Q: What is your Service Area?
A: If you are located within a 100-120 miles of Tulsa we should be able to service your account. Thus, our service area includes: Broken Arrow, Sand Springs, Jenks, Owasso, Catoosa, Claremore, Bartlesville, Edmond, Muskogee, Joplin, Tahlequah, Skiatook, Claremore, Okmulgee, Henrietta, Edmond, Stillwater, Sapulpa, Pryor, ... etc.
Just give us call at 918.446.8386.
Q: What is HIPAA?
A: HIPAA is an acronym for the Health Insurance Portability and Accountability Act.
Quoting from Wikipedia we have the following:
The Health Insurance Portability and Accountability Act (HIPAA) was enacted by the U.S. Congress in 1996. HIPAA is also known as the Kennedy-Kassebaum Health Insurance Portability and Accountability Act (HIPAA-Public Law 104-191), effective August 21, 1996. The basic idea of HIPAA is that an individual who is a subject of individually identifiable health information should have:
- Established procedures for the exercise of individual health information privacy rights.

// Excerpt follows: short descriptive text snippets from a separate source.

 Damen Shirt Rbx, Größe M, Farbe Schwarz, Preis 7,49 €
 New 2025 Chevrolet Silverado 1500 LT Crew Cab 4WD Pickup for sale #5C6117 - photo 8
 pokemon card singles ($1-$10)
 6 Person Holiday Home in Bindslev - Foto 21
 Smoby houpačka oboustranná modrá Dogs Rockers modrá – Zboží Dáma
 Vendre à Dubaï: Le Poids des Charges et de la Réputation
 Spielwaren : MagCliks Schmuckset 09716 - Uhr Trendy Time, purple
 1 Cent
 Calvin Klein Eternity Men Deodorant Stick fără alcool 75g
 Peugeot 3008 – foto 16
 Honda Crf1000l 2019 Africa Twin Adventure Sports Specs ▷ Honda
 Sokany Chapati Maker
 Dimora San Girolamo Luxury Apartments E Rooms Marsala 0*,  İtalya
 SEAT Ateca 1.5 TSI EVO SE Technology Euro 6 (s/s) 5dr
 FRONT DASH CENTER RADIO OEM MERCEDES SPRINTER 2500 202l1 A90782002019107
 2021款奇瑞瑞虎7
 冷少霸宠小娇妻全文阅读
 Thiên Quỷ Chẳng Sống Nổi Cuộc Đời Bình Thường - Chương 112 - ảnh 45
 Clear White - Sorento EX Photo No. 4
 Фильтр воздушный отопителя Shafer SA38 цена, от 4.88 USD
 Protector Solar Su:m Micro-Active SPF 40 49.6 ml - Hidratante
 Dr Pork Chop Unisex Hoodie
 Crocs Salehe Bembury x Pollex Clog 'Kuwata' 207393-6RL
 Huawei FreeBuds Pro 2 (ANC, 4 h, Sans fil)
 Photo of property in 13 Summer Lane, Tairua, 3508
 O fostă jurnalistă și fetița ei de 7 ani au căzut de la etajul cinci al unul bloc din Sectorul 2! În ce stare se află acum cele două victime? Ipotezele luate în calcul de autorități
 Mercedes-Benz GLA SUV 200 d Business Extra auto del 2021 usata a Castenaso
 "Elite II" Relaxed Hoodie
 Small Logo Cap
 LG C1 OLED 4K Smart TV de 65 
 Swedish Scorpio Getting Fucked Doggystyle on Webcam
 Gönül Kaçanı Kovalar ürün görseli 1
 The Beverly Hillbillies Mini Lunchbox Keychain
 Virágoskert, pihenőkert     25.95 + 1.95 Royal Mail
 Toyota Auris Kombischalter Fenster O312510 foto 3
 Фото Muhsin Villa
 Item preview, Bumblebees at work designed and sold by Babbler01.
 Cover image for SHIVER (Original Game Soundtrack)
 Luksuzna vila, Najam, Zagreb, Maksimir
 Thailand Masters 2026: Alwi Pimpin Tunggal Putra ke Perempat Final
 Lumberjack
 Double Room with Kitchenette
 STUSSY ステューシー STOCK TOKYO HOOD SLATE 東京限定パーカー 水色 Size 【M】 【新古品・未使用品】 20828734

- The use and disclosure of individual health information should be authorized or required.
One difficulty with HIPAA is that there must be a mechanism to authenticate the patient who demands access to his or her data. As a result, medical facilities have begun to ask for Social Security Numbers from patients, thus arguably decreasing privacy by simplifying the act of correlating health records with other records. The issue of consent is problematic under HIPAA, because the medical providers simply make care contingent upon agreeing to the privacy standards in practice.
Q: What is FACTA?
A: FACTA is an acronym for the Fair and Accurate Credit Transactions Act of 2003.
Quoting from the Wikipedia article available on FACTA we have"
The Fair and Accurate Credit Transactions Act of 2003 (FACT Act or FACTA, Pub.L. 108-159) is a United States federal law, passed by the United States Congress on November 22, 2003, and signed by President George W. Bush on December 4, 2003, as an amendment to the Fair Credit Reporting Act. The act allows consumers to request and obtain a free credit report once every twelve months from each of the three nationwide consumer credit reporting companies (Equifax, Experian and TransUnion). In cooperation with the Federal Trade Commission, the three major credit reporting agencies set up the website, annualcreditreport.com, to provide free access to annual credit reports.
The act also contains provisions to help reduce identity theft, such as the ability for individuals to place alerts on their credit histories if identity theft is suspected, or if deploying overseas in the military, thereby making fraudulent applications for credit more difficult. Further, it requires secure disposal of consumer information.